Start of SOURCE DATA

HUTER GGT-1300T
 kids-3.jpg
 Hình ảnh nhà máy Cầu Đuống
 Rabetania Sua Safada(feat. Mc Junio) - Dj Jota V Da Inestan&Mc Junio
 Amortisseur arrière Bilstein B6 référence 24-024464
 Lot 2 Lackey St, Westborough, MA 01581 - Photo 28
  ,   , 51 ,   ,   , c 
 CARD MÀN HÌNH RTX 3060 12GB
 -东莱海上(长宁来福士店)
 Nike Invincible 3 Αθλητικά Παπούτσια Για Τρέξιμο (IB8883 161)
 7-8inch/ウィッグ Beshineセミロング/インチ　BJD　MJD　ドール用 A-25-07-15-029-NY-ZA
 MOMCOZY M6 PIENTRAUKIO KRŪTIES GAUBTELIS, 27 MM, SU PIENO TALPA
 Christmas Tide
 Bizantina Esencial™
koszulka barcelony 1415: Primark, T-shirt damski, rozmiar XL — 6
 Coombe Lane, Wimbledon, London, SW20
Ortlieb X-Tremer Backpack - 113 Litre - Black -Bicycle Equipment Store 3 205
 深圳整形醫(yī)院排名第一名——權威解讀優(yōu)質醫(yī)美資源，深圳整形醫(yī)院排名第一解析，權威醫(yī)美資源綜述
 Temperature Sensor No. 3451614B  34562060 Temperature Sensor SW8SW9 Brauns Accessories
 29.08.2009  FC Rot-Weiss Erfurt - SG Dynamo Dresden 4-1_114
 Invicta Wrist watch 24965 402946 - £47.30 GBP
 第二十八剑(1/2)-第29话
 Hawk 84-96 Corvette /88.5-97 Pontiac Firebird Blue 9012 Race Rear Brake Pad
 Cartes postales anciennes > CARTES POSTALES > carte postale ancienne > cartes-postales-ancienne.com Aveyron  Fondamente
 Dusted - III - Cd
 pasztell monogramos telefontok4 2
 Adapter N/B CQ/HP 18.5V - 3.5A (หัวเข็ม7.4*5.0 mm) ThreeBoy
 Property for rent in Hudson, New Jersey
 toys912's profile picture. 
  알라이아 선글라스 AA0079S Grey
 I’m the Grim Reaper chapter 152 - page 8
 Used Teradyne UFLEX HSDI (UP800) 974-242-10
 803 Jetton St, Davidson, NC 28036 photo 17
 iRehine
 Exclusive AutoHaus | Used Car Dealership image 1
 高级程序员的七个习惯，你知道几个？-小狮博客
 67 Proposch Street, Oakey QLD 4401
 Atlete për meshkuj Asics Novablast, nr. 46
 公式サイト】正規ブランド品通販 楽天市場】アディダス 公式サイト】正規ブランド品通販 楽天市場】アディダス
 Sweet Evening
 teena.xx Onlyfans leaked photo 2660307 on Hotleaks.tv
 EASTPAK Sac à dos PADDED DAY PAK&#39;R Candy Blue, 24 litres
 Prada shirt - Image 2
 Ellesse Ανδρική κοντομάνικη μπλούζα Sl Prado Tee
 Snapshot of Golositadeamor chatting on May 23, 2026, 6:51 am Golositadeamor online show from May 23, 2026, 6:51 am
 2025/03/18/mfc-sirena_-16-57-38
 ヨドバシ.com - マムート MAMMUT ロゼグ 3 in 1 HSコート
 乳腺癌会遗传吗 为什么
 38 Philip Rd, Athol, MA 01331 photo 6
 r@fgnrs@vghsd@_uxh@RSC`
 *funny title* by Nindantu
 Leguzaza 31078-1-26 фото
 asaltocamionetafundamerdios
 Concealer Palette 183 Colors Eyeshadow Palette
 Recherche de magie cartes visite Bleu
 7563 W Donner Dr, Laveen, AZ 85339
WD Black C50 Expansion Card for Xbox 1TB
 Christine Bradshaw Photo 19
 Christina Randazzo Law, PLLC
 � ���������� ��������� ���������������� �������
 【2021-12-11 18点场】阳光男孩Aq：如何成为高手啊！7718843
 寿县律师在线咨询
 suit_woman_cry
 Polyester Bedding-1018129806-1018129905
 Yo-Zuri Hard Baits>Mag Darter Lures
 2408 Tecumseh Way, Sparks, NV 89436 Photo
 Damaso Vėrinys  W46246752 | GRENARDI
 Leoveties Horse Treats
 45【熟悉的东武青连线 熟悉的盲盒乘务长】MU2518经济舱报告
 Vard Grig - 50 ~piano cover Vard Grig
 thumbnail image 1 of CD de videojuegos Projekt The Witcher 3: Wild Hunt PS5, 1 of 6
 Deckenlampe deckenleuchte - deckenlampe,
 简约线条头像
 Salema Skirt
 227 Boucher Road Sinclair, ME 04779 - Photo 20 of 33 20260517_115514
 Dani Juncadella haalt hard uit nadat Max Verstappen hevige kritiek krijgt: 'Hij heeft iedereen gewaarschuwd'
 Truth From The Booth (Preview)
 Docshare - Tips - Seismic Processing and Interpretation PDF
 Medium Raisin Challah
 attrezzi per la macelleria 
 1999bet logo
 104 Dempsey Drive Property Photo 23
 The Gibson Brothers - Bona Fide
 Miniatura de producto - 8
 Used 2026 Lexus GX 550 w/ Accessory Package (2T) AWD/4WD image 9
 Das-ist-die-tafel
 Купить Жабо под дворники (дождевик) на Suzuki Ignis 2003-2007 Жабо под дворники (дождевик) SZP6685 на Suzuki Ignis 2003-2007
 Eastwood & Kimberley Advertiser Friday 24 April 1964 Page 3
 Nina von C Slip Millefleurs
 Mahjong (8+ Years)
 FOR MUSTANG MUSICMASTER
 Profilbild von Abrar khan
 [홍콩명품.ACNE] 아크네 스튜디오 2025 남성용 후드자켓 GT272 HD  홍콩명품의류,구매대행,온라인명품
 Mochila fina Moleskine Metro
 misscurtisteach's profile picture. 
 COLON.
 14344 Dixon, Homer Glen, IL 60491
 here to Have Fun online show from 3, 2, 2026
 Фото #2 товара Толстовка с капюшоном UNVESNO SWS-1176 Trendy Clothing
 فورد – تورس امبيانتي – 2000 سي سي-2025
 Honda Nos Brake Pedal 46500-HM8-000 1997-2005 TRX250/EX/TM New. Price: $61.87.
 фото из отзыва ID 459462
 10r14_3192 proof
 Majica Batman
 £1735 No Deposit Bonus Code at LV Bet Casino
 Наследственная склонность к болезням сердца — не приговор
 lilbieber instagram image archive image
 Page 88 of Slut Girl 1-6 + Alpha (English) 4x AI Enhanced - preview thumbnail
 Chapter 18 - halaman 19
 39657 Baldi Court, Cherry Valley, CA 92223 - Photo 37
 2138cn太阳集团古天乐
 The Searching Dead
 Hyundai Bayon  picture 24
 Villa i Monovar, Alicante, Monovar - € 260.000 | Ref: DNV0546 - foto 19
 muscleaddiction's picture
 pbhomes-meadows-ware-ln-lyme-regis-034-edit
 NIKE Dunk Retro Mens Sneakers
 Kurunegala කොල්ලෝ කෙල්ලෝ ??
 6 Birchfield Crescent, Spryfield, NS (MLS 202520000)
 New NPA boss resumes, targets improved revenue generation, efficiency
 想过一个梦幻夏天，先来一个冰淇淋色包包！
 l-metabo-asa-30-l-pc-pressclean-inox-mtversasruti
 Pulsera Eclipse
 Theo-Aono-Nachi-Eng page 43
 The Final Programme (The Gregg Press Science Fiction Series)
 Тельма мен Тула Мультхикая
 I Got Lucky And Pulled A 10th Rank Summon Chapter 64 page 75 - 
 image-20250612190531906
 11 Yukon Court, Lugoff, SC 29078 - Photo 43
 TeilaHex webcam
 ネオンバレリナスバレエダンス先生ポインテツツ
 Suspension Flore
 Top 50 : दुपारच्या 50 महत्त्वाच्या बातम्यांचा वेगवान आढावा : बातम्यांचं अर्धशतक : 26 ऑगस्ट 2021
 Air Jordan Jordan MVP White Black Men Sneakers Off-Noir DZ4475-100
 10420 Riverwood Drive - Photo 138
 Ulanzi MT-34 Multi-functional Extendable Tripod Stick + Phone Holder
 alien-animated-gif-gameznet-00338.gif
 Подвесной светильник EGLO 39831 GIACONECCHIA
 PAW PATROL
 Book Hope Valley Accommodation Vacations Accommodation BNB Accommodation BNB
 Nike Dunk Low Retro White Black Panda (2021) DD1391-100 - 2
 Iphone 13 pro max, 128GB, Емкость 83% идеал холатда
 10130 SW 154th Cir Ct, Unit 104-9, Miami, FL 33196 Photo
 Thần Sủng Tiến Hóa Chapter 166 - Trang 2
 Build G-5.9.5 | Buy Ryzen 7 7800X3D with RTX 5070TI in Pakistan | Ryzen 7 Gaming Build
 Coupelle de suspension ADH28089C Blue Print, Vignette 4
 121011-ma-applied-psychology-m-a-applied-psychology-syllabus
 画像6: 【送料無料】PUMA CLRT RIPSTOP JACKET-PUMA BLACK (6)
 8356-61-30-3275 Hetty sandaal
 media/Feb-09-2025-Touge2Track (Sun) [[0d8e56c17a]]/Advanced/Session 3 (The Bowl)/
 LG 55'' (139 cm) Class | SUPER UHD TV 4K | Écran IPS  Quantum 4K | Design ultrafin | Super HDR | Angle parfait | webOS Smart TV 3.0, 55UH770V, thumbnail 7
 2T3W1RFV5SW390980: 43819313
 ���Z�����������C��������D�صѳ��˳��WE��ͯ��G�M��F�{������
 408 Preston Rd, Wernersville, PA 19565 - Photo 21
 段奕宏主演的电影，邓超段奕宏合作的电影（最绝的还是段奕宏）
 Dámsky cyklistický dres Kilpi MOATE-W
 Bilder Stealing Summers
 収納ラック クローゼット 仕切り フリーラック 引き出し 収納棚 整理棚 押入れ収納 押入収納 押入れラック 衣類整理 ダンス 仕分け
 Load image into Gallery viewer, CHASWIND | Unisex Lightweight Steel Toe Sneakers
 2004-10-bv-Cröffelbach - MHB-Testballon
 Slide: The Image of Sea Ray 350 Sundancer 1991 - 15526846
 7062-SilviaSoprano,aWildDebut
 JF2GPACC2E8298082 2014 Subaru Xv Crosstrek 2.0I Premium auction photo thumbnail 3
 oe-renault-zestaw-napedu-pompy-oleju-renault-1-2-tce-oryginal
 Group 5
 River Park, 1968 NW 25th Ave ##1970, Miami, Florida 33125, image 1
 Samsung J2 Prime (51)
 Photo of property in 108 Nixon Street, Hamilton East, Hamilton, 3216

End of SOURCE DATA

■ WHAT THE TASK REQUIRES: Your answer should be a single number: the count of lines above that contain the word "Miami".

■ EXERCISE SOLUTION: 2